Define $$\operatorname{Ref}\mathcal{S}=\{T\in B(\mathcal{H}):Th\in[\mathcal{S}h], \forall h \in \mathcal{H}\},$$where $\mathcal{H}$ is a Hilbert space and $\mathcal{S}$ is a linear manifold of $B(\mathcal{H})$.
A proposition of Conway's book A Course in Operator Theory says that $\operatorname{Ref}\mathcal{S^\ast}=(\operatorname{Ref}\mathcal{S})^\ast$ and the proof is left as an easy exercise. It is not easy for me, thanks to the one who can tell me a proof or give me a hint.

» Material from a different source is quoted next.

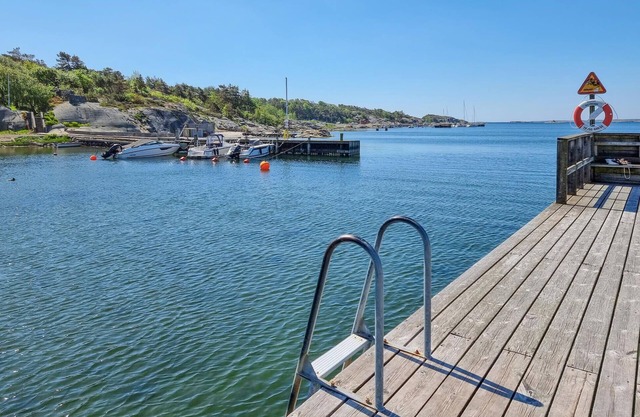 Look forward to nature experiences and exciting attractions in this holiday home on a peninsula.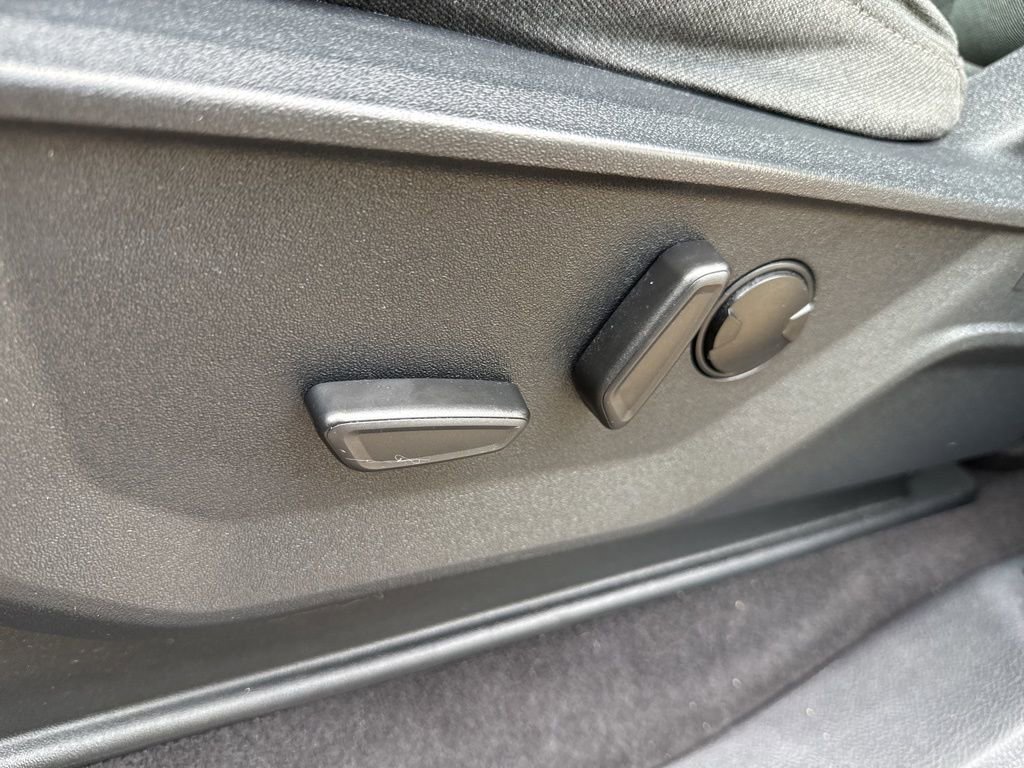 Used 2023 Ford F150 XLT w/ Equipment Group 302A High image 27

Suppose $T \in Ref(\mathcal{S})$, we want to show that $T^{\ast} \in Ref(\mathcal{S}^{\ast})$. ie. For any $h \in H$, we want to show that $T^{\ast}h \in [\mathcal{S}^{\ast}h]$. Since $[\mathcal{S}^{\ast}h]$ is closed, it suffices to show that for any linear functional $\varphi$ on $H$, $$ \varphi([\mathcal{S}^{\ast}h]) = 0 \Rightarrow \varphi(T^{\ast}h) = 0 $$ By Riesz Representation, it suffices to show that, for any $y \in H$, $$ \langle S^{\ast}h, y\rangle = 0 \quad\forall S\in \mathcal{S} \Rightarrow \langle T^{\ast}h,y\rangle = 0 $$ $$ \Leftrightarrow \langle h, Sy\rangle = 0 \quad\forall S\in \mathcal{S} \Rightarrow \langle h, Ty\rangle = 0 $$ But for any $y \in H$, $Ty \in [\mathcal{S}y]$, and so this is true. Hence, $T^{\ast} \in Ref(\mathcal{S}^{\ast})$ and so $$ Ref(\mathcal{S})^{\ast} \subset Ref(\mathcal{S}^{\ast}) $$ The argument is similar for the other containment.